> **AIM OF THE EXERCISE**:
Ignoring the pictures, copy the data exactly.

=== SUPPLIED INFORMATION ===

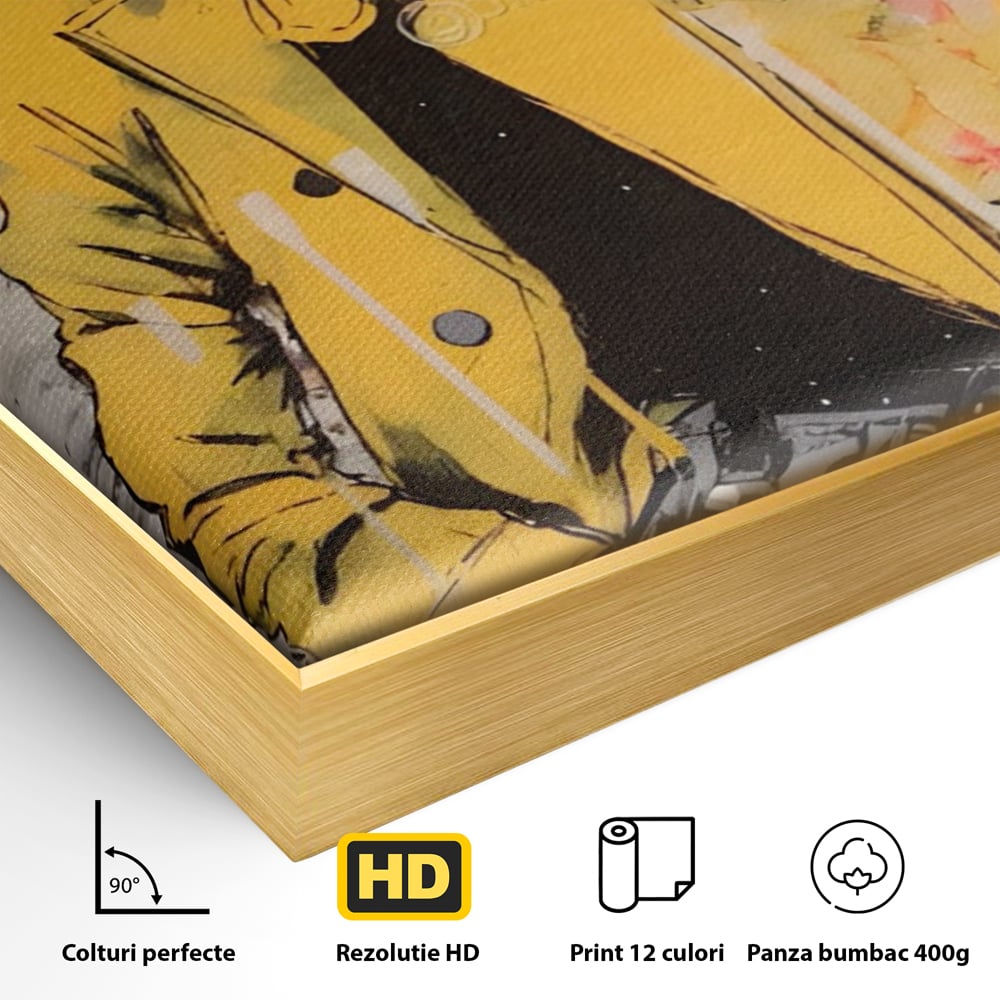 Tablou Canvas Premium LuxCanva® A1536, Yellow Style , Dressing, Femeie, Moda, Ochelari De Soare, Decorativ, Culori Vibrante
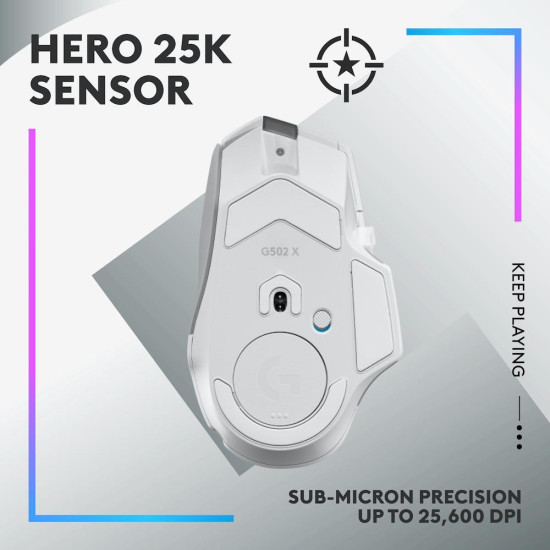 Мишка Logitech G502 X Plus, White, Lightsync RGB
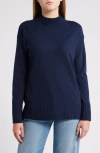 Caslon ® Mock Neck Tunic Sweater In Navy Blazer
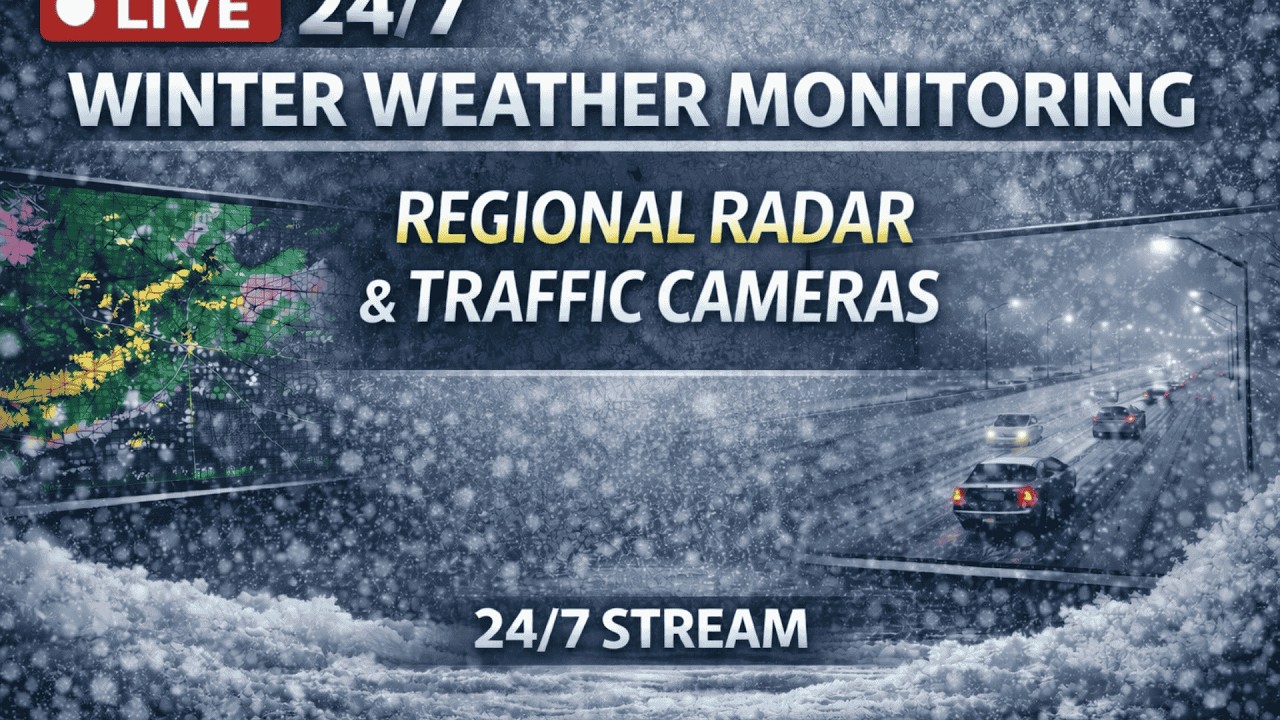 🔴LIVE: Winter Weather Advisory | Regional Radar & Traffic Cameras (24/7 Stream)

===

> **ANSWER TO THE EXERCISE**:
 Tablou Canvas Premium LuxCanva® A1536, Yellow Style , Dressing, Femeie, Moda, Ochelari De Soare, Decorativ, Culori Vibrante
 Мишка Logitech G502 X Plus, White, Lightsync RGB
 Caslon ® Mock Neck Tunic Sweater In Navy Blazer
 🔴LIVE: Winter Weather Advisory | Regional Radar & Traffic Cameras (24/7 Stream)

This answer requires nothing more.